Resources

People often ask me "How did you learn how to hack?" The answer: by reading. This page is a collection of the blog posts and other articles that I have accumulated over the years of my journey. Enjoy!

WordPress 5.8.2 Stored XSS Vulnerability- 760

Karim el Ouerghemmi - Sonar SourcePosted 4 Years Ago
  • In Wordpress, the post slug is the title put into a URL. However, the slug can be manually set by an author.
  • The function sanitize_title() governs how the title to slug transformation is done. When this is done, it converts all characters into ASCII, numbers, underscores and dashes. This sounds restricting but looking at the source code unearths some hidden functionality: the sanitization preserves URL-encoded octets, and, indeed, slugs can contain URL-encoded characters. What can a URL encoded string do for anything though?
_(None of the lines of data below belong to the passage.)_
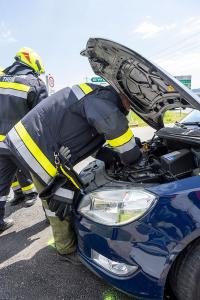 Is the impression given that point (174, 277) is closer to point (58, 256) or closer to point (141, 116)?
point (58, 256)

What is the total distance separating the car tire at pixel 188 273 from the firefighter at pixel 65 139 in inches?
33.0

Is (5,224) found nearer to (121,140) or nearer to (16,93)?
(16,93)

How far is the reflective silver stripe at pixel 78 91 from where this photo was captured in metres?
2.41

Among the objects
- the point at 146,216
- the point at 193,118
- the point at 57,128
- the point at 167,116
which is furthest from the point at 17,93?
the point at 167,116

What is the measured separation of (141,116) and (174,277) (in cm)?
171

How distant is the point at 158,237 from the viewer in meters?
1.76

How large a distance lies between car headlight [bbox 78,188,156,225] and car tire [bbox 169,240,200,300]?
339 mm

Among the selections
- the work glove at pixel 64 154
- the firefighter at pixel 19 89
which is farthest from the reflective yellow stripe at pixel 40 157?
the firefighter at pixel 19 89

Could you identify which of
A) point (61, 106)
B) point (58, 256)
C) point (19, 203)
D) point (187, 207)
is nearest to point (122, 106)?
point (61, 106)

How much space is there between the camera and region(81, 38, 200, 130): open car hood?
2149mm

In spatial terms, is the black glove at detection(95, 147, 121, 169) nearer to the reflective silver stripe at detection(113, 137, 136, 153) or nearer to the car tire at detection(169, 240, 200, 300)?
the reflective silver stripe at detection(113, 137, 136, 153)

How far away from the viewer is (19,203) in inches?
173

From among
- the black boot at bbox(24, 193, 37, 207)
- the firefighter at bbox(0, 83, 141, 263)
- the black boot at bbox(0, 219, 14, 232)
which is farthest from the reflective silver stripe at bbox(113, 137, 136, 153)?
the black boot at bbox(24, 193, 37, 207)

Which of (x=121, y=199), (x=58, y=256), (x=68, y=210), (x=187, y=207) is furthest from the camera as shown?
(x=58, y=256) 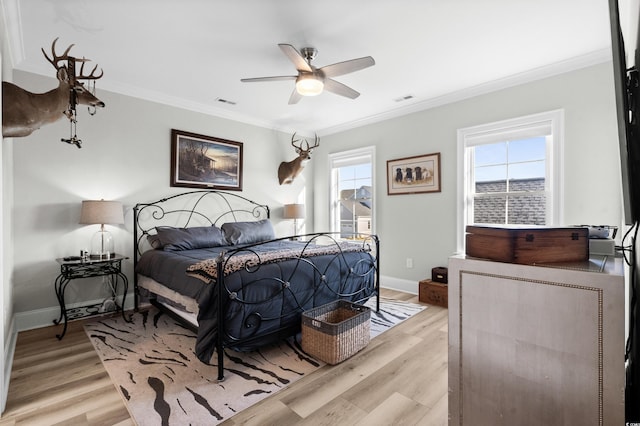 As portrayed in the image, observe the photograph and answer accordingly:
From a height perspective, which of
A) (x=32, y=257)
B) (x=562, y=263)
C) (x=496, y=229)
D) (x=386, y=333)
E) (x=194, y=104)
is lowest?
(x=386, y=333)

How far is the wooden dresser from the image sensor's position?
0.80 meters

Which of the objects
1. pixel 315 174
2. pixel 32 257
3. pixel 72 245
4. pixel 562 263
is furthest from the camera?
pixel 315 174

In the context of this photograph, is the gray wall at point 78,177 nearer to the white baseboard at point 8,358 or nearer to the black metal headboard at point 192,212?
the black metal headboard at point 192,212

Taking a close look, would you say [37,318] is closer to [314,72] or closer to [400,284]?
[314,72]

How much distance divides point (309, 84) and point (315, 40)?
1.19 ft

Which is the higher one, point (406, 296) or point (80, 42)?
point (80, 42)

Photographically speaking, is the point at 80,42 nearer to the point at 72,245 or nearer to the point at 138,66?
the point at 138,66

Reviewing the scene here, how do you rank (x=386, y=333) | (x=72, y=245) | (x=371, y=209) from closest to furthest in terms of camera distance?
(x=386, y=333)
(x=72, y=245)
(x=371, y=209)

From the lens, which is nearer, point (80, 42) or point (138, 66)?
point (80, 42)

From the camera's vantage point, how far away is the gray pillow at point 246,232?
4095 mm

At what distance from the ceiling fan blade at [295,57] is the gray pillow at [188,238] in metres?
2.30

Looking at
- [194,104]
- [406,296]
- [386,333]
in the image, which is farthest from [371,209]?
[194,104]

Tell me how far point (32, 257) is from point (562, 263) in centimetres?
423

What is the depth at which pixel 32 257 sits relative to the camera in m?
3.08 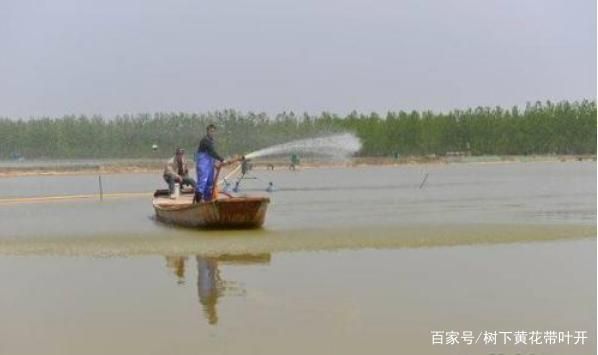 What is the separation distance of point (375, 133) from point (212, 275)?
8085cm

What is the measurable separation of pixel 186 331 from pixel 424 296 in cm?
260

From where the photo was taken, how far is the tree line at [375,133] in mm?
89438

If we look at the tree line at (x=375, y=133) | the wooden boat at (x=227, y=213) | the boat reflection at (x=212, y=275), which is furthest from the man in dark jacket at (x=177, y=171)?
the tree line at (x=375, y=133)

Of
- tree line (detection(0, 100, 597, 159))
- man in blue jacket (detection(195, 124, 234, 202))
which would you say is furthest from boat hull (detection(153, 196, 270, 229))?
tree line (detection(0, 100, 597, 159))

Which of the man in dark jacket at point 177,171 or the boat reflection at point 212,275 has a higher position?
the man in dark jacket at point 177,171

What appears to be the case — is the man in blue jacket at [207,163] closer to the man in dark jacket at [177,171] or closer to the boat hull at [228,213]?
the boat hull at [228,213]

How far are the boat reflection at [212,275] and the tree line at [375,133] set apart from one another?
6980cm

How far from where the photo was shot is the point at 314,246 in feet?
40.4

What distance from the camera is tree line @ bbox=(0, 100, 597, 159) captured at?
8944 cm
  • Within post.php, the slug will eventually be URL decoded. If the slug does contain any URL-encoded characters, it gets encoded once again. Here is where the problem occurs: utf8_uri_encode only encodes Unicode characters. Crazily enough, utf8_uri_encode('<script>alert(1)</script>', 200) will output <script>alert(1)</script>. So, the URL encoding does not work as expected on the way back!
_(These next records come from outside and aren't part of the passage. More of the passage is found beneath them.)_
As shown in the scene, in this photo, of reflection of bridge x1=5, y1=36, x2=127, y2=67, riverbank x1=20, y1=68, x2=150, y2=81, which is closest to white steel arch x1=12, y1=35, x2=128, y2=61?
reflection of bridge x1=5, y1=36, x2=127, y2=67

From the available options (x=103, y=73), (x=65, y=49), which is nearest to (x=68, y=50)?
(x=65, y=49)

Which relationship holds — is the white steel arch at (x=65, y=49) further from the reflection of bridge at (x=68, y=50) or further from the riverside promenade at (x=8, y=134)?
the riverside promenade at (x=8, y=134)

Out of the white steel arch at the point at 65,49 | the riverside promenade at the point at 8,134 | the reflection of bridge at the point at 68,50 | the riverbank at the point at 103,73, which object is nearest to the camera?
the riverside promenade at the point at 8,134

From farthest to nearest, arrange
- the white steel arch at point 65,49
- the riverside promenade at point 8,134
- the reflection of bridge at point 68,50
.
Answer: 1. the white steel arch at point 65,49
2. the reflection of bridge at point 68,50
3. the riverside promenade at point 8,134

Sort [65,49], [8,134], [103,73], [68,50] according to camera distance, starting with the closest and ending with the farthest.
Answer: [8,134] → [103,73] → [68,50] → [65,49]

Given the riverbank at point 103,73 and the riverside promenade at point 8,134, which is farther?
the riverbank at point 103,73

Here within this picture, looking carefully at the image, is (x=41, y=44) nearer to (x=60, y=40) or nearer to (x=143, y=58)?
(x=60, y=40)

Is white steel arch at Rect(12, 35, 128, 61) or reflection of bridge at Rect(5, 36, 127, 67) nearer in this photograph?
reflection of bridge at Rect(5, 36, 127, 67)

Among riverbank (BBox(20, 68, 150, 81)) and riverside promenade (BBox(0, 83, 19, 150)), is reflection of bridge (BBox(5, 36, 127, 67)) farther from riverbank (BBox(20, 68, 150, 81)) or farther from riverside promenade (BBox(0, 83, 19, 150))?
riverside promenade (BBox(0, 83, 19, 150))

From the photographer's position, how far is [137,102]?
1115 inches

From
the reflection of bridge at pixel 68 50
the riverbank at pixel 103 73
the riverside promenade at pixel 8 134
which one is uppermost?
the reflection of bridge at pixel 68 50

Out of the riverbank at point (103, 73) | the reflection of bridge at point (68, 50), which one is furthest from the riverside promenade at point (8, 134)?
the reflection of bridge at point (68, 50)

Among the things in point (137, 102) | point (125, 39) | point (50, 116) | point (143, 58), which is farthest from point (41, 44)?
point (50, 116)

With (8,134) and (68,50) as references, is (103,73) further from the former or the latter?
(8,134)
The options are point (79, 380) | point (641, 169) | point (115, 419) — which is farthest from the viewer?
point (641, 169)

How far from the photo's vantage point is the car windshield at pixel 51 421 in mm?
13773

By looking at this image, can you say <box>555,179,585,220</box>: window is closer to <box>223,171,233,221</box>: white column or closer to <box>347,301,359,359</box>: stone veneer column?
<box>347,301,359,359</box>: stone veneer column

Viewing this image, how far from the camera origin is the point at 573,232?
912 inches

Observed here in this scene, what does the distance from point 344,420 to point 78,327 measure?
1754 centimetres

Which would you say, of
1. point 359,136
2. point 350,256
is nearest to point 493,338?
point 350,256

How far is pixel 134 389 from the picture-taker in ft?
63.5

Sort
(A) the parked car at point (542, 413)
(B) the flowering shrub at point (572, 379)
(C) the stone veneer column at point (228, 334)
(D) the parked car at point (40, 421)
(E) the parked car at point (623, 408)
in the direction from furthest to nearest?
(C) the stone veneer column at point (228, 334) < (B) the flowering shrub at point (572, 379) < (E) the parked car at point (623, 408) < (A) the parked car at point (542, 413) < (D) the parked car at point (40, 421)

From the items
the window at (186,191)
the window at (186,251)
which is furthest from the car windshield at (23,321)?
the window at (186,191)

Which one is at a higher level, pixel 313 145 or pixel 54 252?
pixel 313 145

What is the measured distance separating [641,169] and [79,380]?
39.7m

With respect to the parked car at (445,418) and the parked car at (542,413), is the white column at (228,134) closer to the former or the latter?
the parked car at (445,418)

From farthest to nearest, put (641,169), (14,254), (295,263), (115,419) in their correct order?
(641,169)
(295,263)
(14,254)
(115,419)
  • This functionality exists within the call to __truncate_post_slug(). The only time this gets called is when Wordpress is saving a post that has the same slug already. Since the post slug should be safe, but can now have arbitrary input, the character expectations have been violated. Pretty quickly the authors found an easy place that XSS was triggered on the page.
  • The fix for the vulnerability was to properly URL encode the data after the modification. According to the authors, extra care needs to be taken when modifying a value once it has been sanitized. Overall, this is a super interesting vulnerability that would only be possible to find through source code review and confirming assumptions about the code path.